Mike Parker

Personal information
- Nationality: British (English)
- Born: 2 May 1938 (age 88) Bridgnorth, Shropshire, England
- Height: 187 cm (6 ft 2 in)
- Weight: 80 kg (176 lb)

Sport
- Sport: Athletics
- Event: Hurdling
- Club: Cambridge University AC Achilles Club

Achievements and titles
- Personal best: 110H – 13.9 (1963)

Medal record
Athletics
Representing England
British Empire & Commonwealth Games
| Silver medal – second place | 1966 Kingston | 120y hurdles |

= Mike Parker (hurdler) =

British hurdler (born 1938)

John Michael Parker (born 2 May 1938) is a British former hurdler who competed at the two Olympic Games.

== Biography ==
Parker was educated at Repton School and St Catharine's College, Cambridge.

Parker finished second behind Ghulam Raziq in the 120 yards hurdles event at the 1960 AAA Championships and by virtue of being the best placed British athlete was the British 120 yards hurdles champion.

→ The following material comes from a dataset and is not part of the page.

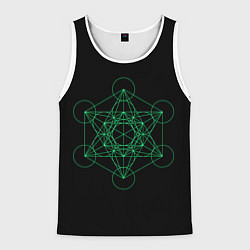 Мужская майка без рукавов Куб Метатрона на чёрном фоне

Parker won the 120 yards hurdles title outright at the 1964 AAA Championships and later that year at the 1964 Olympic Games in Tokyo, he represented Great Britain in the 110 metres hurdles.

Parker represented England and won a silver medal in the 120 yards hurdles, at the 1966 British Empire and Commonwealth Games in Kingston, Jamaica.

At the 1968 Olympic Games in Mexico City, Parker represented Great Britain again in the 110 metres hurdles.